BALDWIN: Coming up next, I want to get a break in. I'm also fascinated not just by these three jurors, including this one woman, who walked in the deliberations thinking not guilty.
There were three others who saw proven guilty, either murder in the second- degree or manslaughter. How did they change their minds?
Let's talk about that next.
(COMMERCIAL BREAK)
BALDWIN: Quickly, Tanya Miller, first to you, how does a juror who walks into this deliberation room thinking guilty of second-degree murder change her mind to not guilty?
MILLER: I think they get beat down.
I think if they're back there and there are other jurors who are strong in their disposition and that juror who initially is thinking murder does not have the tools to really make case to the other jurors to persuade them over to her side, she just gets beat down.
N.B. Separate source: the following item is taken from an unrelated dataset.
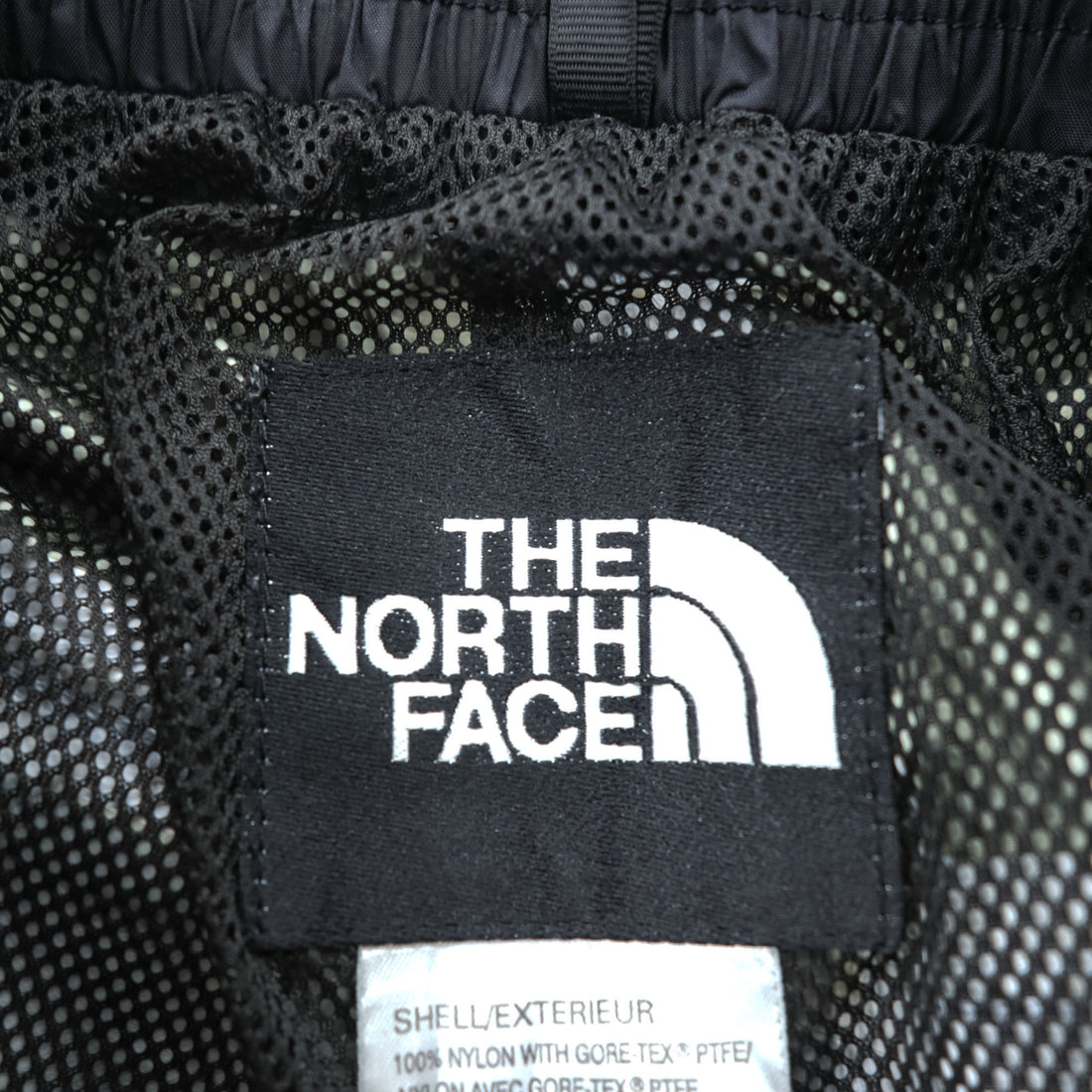 The North Face Gore-Tex Rain Pants Black Men’s Medium Waterproof Nylon Side Zip Outdoor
BALDWIN: Darren, 20 seconds then we've got to go.
KAVINOKY: Yeah, group dynamics are a really tricky thing. And this is why during jury selection you'll often see one or both sides saying to the panel, what if it was all of them against you, if it was 11-to- one or five-to-one, could you be that strong soldier?
That's something that lawyers usually try and suss out during the selection process.
BALDWIN: Darren Kavinoky and Tanya Miller, my thanks to both of you.
Thank you for watching. I'm Brooke Baldwin.
Now we head to Washington. "THE LEAD WITH JAKE TAPPER" starts now.